If I had a hunch I'd say people older than me might chuckle at my realizations. They probably already know what I feel like I'm just starting to figure out. Learning about yourself is a lifelong process. I'll be honest, I thought surely by 30 I should have some things figured out. I'm learning that I have much to learn. I'm not talking spiritually. I learned in my 20s that sanctification was a life-long process, that spiritually we should always be growing and learning and changing to be more like Christ. What I'm talking about is the more mundane, day to day things of life. Like household chores and who I am.
Here's what I would tell you about myself.
I am a procrastinator. The pressure of the last minute is a great motivator!
I am messy. Keeping up with laundry and dishes and putting the mail and my clothes away is such a challenge. And why make the bed when I am just going to mess it up again? I like to think that my less than picked up house helps people feel welcome, like I don't need to put on a facade of perfection.
I am a keeper. I have a hard time letting go of things because you just never know when you might need it again, or when you might remember what that thing goes to, or if your kids might enjoy it when they are older, or maybe a loved one gave it to me, or it's just too hard to let go.
These are all things that I have always thought were true of myself. But here is what I'm slowly learning.
True enough, I am a procrastinator. I've been known to push projects off until the last possible moment. Sometimes I think I have a sixth sense about just how much time I need to allow to complete a project. However, I have made a few attempts at not procrastinating lately and it turns finishing a project early is quite rewarding. It's much less stressful, allows for more regular sleep, gives a cushion of time if issues arise or things take longer than expected. It's quite thrilling to get things done early. Maybe I'm changing my ways.

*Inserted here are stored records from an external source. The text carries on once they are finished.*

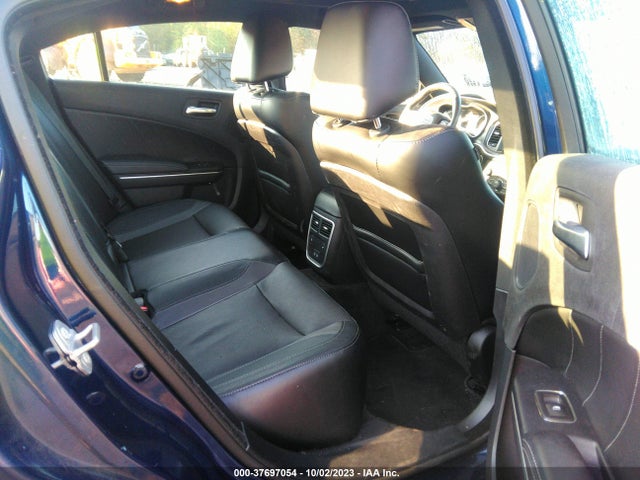 Dodge Charger Sxt 2015 2C3CDXHG9FH852660 Image 8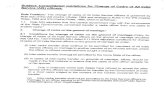 Subject: Consolidated guidelines for Change of Cadre of All ...documents.doptcirculars.nic.in/D2/D02ser/Guidelines-AIS...Subject: Consolidated guidelines for Change of Cadre of All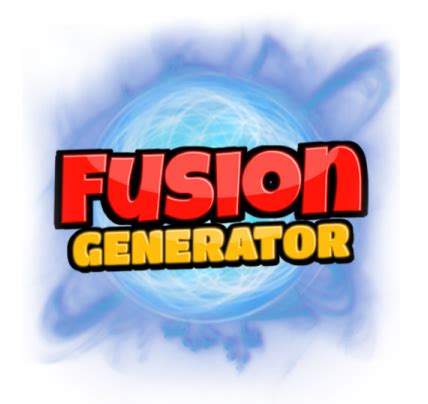 Japeal Fusion Generator - Home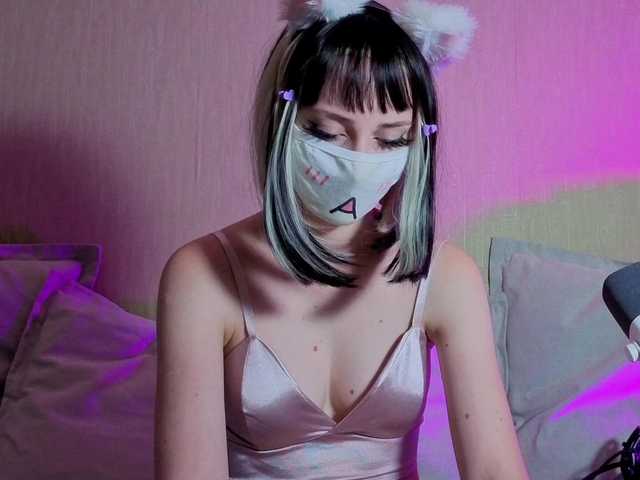 LunaNyan live cam on BongaCams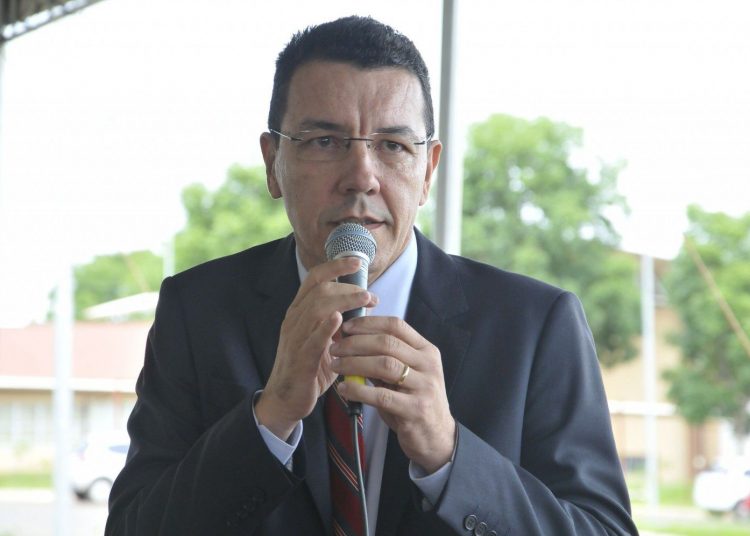 Reitor da UFG Edward Madureira | Foto: Divulgação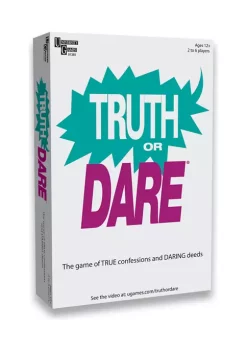 University Games Truth or Dare -Jellypop Sales Belk 1550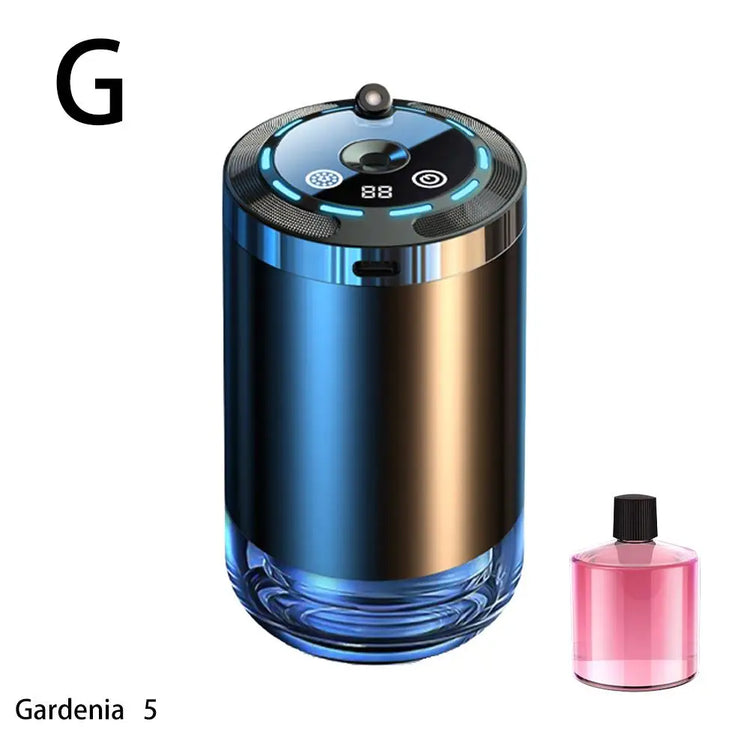 NovaDrive smart-car-air-freshener-rechargeable-car-aroma-diffuser-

Keeping a house in order is certainly a struggle for me. I always just took it as "that's just the way I am". My house growing up was often, or maybe almost always, a big mess and keeping a spic and span house just never seemed to be in my skill set. However, I'm slowly learning that I can be more successful in this department if I can just figure out systems that work for me and my household. And figuring out a system that works often starts with trying many systems that fail. So my house is a work in progress. But slowly I am figuring it out. And guess what? I love it when my house is clean (for me that means picked up and the floors and counters with no visible crumbs....not perfectly mopped, dusted and scrubbed). When the house is in order, rather than chaos, it frees me up to spend time with my kids, read or work on projects that I've been procrastinating on. So I'm not sure I'll ever be a "make the bed every day" kind of gal. But I'm learning the benefits of finding successful systems, sticking to them and enjoying a relatively clean house. Who knew?
I am not a hoarder....but perhaps I'm a step down. Minimalist has never been a word to describe me. I've been known to request the help of friends to sort through belongings and convince me that it's ok to through things away. I have visions of my children one day sitting in a storybook attic (that I don't have) reminiscing and laughing as they sort through my belongings and flip through my boxes of pictures and old schoolwork. However, as I sort through my parents basement with my mom and have previously been apart of sorting through Paul's grandparents old home....I have realized that I don't need to hold on to everything! In fact, it's a bit freeing to let go of the junk and the garbage that have filled bins and crawlspaces and attics and closets. I still hold on to some things. Because there are some things that really are wonderful to go back and look through. But mostly I'm learning to just let go.
Maybe by the time I'm 40 I'll be a morning person?